--- Problem requirements ---
Everything in the data below is left aside except the lines from the one containing "Multi-Colored Round Neck" through the one containing "Lane Bryant Women's"; repeat those exactly.

--- Dataset ---
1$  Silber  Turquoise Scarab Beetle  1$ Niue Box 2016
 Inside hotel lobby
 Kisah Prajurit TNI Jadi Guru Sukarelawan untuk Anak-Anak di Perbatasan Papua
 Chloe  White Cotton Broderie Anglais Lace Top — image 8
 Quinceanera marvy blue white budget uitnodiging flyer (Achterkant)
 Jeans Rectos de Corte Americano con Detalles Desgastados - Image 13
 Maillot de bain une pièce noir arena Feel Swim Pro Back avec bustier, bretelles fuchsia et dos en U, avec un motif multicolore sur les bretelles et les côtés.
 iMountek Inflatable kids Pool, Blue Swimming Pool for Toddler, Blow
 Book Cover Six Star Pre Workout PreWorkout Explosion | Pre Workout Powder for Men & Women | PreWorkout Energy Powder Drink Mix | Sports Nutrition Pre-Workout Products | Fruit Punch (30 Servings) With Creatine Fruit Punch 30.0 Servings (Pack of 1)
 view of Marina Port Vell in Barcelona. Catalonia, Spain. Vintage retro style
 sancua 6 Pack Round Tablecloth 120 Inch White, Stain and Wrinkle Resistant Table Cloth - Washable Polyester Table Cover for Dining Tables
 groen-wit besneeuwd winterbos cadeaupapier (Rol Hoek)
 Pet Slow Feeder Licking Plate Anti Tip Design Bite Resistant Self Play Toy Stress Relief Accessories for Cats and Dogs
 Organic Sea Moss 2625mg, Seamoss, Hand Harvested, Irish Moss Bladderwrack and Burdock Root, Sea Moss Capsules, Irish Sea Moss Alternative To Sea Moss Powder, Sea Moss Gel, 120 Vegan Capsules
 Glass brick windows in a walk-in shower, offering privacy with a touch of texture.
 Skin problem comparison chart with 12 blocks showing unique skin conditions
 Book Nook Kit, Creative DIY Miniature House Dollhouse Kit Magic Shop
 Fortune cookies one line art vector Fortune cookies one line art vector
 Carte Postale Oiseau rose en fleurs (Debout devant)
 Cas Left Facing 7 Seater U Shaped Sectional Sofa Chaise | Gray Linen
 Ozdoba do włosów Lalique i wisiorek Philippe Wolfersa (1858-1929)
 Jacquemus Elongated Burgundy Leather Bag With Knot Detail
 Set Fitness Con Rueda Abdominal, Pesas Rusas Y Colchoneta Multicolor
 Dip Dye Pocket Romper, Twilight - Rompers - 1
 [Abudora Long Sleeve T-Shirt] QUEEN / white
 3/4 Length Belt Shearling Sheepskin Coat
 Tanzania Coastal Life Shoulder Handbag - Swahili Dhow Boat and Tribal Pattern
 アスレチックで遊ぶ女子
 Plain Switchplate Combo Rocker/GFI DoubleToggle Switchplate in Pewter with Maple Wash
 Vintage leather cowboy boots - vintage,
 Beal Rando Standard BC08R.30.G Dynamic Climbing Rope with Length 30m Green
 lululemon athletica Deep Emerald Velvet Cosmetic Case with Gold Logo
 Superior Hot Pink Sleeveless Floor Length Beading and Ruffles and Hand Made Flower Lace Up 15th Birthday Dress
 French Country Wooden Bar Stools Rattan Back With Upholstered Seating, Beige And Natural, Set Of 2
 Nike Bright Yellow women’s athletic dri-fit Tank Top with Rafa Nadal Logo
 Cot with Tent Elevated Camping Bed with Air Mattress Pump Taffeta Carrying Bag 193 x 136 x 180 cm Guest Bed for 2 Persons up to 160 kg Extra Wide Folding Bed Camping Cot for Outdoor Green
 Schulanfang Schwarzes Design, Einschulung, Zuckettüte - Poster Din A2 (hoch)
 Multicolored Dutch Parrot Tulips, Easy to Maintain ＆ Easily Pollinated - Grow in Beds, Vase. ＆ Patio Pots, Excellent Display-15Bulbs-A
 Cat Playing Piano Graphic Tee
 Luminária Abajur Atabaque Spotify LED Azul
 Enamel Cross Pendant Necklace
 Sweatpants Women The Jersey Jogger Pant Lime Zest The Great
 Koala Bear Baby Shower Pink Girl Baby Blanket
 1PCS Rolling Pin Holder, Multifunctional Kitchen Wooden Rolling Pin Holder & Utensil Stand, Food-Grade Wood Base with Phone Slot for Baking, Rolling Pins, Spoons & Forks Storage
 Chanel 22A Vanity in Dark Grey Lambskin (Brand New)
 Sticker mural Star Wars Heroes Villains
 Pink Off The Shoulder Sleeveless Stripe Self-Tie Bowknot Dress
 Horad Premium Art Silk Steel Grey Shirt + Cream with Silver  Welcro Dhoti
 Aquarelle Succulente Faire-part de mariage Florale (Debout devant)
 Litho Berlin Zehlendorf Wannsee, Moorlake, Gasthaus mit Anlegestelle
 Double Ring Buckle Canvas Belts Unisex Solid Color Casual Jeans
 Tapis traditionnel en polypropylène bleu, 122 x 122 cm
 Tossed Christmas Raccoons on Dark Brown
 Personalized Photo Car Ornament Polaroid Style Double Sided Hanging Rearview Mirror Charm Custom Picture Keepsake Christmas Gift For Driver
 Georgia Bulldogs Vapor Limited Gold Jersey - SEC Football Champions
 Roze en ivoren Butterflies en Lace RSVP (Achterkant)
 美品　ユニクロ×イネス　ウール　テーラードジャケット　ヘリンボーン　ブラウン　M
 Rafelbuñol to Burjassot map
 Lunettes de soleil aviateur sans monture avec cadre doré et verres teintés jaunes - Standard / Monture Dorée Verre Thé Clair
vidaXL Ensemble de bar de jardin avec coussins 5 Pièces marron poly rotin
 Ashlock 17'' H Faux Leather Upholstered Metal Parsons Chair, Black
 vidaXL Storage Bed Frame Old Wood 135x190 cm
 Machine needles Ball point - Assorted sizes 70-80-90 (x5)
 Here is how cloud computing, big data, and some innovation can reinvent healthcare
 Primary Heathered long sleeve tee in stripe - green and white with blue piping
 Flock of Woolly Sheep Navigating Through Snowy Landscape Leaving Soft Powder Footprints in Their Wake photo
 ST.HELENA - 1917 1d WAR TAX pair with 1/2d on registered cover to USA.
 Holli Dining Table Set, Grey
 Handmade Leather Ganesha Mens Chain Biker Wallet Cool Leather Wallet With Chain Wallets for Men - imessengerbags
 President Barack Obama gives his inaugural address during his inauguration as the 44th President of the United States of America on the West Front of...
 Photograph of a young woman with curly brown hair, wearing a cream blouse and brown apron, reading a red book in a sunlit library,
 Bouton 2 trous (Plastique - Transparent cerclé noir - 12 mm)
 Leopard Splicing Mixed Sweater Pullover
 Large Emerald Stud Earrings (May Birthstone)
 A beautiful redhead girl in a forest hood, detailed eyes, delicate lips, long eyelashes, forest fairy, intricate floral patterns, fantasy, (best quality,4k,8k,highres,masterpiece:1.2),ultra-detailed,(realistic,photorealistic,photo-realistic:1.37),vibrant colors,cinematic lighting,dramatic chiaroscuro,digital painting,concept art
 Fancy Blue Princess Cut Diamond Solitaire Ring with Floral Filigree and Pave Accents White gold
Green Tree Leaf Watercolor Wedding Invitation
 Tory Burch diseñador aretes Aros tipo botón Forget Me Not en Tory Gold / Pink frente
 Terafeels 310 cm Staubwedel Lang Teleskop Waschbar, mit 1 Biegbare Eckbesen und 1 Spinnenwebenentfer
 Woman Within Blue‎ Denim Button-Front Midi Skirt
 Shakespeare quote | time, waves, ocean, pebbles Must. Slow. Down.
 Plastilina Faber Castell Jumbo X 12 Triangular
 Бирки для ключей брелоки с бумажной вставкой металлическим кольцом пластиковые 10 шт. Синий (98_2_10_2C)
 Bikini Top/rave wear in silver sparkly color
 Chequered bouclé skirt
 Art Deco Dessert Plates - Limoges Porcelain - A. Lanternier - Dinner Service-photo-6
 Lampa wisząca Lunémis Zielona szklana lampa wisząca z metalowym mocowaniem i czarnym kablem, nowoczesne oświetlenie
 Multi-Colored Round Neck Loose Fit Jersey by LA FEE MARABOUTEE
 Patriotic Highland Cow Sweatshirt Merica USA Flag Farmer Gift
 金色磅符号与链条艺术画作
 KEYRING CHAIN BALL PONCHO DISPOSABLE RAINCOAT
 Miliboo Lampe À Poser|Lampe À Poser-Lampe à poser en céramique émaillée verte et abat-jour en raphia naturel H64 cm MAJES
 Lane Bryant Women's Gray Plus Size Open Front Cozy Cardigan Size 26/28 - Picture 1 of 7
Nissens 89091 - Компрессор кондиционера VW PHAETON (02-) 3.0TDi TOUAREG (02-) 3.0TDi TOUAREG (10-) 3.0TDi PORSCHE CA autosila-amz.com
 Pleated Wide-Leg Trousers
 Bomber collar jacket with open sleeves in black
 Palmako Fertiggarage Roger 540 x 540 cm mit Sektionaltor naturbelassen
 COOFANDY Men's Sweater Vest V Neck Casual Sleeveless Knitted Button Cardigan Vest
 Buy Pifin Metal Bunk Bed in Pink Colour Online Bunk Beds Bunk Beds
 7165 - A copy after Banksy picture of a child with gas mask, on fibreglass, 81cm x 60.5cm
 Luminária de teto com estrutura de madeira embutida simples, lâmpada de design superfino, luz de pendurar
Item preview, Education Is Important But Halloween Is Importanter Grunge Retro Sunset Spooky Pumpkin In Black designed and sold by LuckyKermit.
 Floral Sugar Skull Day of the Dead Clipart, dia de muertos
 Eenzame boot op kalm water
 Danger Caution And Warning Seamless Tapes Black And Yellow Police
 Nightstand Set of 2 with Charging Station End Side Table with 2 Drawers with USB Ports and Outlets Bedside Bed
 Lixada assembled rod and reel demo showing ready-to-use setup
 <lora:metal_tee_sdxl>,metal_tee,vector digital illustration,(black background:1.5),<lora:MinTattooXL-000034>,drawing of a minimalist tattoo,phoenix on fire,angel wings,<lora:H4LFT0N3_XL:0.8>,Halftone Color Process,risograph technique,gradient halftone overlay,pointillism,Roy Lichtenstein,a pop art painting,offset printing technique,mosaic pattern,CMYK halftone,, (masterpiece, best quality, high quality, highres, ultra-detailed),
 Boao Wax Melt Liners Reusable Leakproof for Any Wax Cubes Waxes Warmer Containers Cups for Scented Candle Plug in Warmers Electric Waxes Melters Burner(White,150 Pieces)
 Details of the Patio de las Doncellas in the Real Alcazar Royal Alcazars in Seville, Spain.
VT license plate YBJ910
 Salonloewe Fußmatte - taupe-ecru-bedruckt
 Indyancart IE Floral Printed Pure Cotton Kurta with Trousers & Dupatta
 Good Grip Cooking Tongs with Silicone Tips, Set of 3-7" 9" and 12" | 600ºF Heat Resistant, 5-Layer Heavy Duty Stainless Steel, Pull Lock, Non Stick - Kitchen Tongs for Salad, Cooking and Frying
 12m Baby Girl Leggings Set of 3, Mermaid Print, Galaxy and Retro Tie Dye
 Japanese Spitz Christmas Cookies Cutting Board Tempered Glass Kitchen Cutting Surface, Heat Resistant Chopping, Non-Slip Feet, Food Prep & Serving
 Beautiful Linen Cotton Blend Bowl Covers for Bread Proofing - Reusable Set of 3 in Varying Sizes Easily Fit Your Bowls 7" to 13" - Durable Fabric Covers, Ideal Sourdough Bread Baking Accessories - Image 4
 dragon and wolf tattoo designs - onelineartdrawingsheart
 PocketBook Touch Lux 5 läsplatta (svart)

--- Response area ---
 Multi-Colored Round Neck Loose Fit Jersey by LA FEE MARABOUTEE
 Patriotic Highland Cow Sweatshirt Merica USA Flag Farmer Gift
 金色磅符号与链条艺术画作
 KEYRING CHAIN BALL PONCHO DISPOSABLE RAINCOAT
 Miliboo Lampe À Poser|Lampe À Poser-Lampe à poser en céramique émaillée verte et abat-jour en raphia naturel H64 cm MAJES
 Lane Bryant Women's Gray Plus Size Open Front Cozy Cardigan Size 26/28 - Picture 1 of 7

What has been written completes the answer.